Feedback on choice of dada2 trimming parameters


I see in the previous posts that the choice of the trim and truncate parameters for dada2 are very subjective. I have 3 16S Miseq runs (515F and 806R primers) and I am hoping to set the same values for dad2 params for each MiSeq. Please see the quality plots below and would appreciate your input on:

  • Do --p-trim-left-f 20 --p-trim-left-r 20 --p-trunc-len-f 230 sound appropriate for this data?

  • Would you suggest using 160 or 180 for --p-trunc-len-r parameter?

  • Considering that the reverse read quality are not that great (may be expected) is it worth using them at all? I'm guessing it would affect the taxonomic assignment, but wondering the tradeoff of using reverse read to get ~100 bp (F&R) overlap, vs using only using forward reads.



Hi @Richard_Rodrigues1,
Am I understanding correct that the end-goal is to combine these 3 runs following dada2? If not, then there’s no need to use the same denoising parameters, only if they are to be combined do they need to be the same.

So as you mentioned the choice of dada2 parameters is rather subjective, but it doesn’t mean it can’t follow some go-to logical approaches.
In your case the reverse reads are unfortunately rather poor, in my experience poorer than average, so at the risk of losing too many reads I would personally just stick with the forward reads. Since the region you are targeting is very short to begin with (~290) the loss of your reverse reads will not be that detrimental to your resolution.

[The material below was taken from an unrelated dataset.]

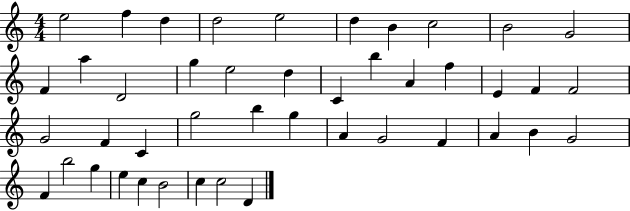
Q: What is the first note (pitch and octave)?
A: E5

I can’t tell in the images but as long as 230 occurs before a big dip in your quality scores I think this is a sensible starting point. If you find that you are losing too many reads after this you could try truncating a bit more, say down to 200-210 and that should retain more reads.

The main tradeoff is that with those poor quality reads included, you are more likely to have DADA2 filter them out and you would lose the forward reads accompanying those, meaning less reads/sample in general. But those that survive would have slightly higher resolution since they will be longer, merged reads. Depending on how many reads/samples you have you can make a choice as to which is more important for your goal. Personally, I would stick with forward reads though.


This topic was automatically closed 31 days after the last reply. New replies are no longer allowed.